To see how the log skeleton really works, for classification/conformance purposes, let’s
change to another log (the receipt.xes log), and calculate an heavily filtered version of
that (to have less behavior)
from pm4py.objects.log.importer.xes import importer as xes_importer
import os
log = xes_importer.apply(os.path.join("tests", "input_data", "receipt.xes"))
from copy import deepcopy
from pm4py.algo.filtering.log.variants import variants_filter
filtered_log = variants_filter.apply_auto_filter(deepcopy(log))
Calculate the log skeleton on top of the filtered log, and then apply the classification as
follows:
from pm4py.algo.conformance.log_skeleton import algorithm as lsk_conformance
conf_result = lsk_conformance.apply(log, skeleton)
for trace in conf_result:
print(conf_result)
In such way, we can get for each trace whether it has been classified as belonging to the
filtered log, or not. When deviations are found, the trace does not belong to the language of
the original log.
We can also calculate a log skeleton on the original log, for example providing 0.03 as
noise threshold, and see which are the effects on the classification:
from pm4py.algo.discovery.log_skeleton import algorithm as lsk_discovery
skeleton = lsk_discovery.apply(log, parameters={lsk_discovery.Variants.CLASSIC.value.Parameters.NOISE_THRESHOLD: 0.03})

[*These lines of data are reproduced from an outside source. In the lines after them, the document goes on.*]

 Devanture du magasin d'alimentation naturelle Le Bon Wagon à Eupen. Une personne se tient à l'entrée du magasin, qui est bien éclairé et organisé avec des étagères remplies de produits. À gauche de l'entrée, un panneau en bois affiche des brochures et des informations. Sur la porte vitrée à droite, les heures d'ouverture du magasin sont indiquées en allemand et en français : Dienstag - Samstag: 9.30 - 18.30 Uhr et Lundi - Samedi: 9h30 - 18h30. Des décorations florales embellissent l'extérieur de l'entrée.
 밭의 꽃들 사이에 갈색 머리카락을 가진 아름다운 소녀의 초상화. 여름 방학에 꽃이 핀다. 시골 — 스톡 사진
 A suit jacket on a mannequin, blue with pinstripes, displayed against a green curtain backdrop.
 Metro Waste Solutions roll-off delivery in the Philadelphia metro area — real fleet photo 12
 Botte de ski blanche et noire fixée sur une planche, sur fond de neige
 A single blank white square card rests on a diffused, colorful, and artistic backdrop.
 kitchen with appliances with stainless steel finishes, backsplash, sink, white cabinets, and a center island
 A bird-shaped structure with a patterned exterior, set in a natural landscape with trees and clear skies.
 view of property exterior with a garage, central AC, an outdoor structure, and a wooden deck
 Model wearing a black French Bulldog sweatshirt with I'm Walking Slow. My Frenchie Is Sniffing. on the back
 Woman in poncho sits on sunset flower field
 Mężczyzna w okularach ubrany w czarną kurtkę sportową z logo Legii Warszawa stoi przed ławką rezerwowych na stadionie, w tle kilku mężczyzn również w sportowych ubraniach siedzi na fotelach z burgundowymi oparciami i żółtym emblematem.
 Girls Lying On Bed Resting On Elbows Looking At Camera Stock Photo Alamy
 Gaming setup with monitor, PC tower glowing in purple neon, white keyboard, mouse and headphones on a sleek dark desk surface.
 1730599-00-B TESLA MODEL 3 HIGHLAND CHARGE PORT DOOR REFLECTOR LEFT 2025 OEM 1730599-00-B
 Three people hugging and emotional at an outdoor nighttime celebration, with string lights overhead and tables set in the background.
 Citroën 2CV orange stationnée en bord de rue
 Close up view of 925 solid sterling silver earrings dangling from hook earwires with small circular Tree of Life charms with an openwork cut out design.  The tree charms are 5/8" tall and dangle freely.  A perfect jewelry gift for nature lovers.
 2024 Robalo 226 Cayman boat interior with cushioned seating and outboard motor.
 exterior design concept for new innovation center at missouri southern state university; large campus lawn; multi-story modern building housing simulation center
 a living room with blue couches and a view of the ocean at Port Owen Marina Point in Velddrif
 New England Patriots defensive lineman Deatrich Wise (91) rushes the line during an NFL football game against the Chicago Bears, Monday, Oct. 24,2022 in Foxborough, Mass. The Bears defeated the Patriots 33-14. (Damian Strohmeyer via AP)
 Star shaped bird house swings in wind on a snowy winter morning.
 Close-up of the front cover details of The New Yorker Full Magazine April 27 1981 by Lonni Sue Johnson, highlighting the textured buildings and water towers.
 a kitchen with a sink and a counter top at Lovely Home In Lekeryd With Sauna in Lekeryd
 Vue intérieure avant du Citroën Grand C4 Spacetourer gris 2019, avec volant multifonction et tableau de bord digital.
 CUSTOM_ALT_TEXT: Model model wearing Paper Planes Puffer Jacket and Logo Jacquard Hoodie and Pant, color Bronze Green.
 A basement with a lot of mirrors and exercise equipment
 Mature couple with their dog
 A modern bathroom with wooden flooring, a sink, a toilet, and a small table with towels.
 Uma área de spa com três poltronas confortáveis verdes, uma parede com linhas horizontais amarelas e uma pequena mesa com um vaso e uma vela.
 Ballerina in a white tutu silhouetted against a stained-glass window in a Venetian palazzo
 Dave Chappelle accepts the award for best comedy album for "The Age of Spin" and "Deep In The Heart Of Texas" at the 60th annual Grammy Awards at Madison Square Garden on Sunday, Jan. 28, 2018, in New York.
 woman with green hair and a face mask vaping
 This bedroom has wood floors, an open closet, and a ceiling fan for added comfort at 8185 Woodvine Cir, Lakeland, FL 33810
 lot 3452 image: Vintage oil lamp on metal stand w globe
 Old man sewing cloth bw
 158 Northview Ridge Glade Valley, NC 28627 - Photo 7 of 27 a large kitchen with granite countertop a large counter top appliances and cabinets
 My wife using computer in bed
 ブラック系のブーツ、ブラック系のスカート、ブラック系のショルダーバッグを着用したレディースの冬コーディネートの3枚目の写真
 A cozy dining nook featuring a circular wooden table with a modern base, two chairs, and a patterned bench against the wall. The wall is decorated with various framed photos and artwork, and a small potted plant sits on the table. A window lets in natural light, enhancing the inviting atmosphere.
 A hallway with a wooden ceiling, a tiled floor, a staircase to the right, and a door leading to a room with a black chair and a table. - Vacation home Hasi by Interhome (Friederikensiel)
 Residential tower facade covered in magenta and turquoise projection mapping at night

from pm4py.algo.conformance.log_skeleton import algorithm as lsk_conformance
conf_result = lsk_conformance.apply(log, skeleton)
for trace in conf_result:
print(conf_result)
We can see that some traces are classified as uncorrect also calculating the log skeleton on the
original log, if a noise threshold is provided.
Alignments between Logs
In some situations, performing an optimal alignment between an event log and a process model might
be unfeasible. Hence, getting an approximated alignment that highlights the main points of deviation
is an option. In PM4Py, we offer support for alignments between two event logs. Such alignment
operation is based on the edit distance, i.e., for a trace of the first log, the trace of the second log
which has the least edit distance is found. In the following example, we see how to perform
alignments between an event log and the simulated log obtained by performing a playout operation
on the process model.
We can load an example log and discover a process model using the inductive miner:
import pm4py
log = pm4py.read_xes("tests/input_data/running-example.xes")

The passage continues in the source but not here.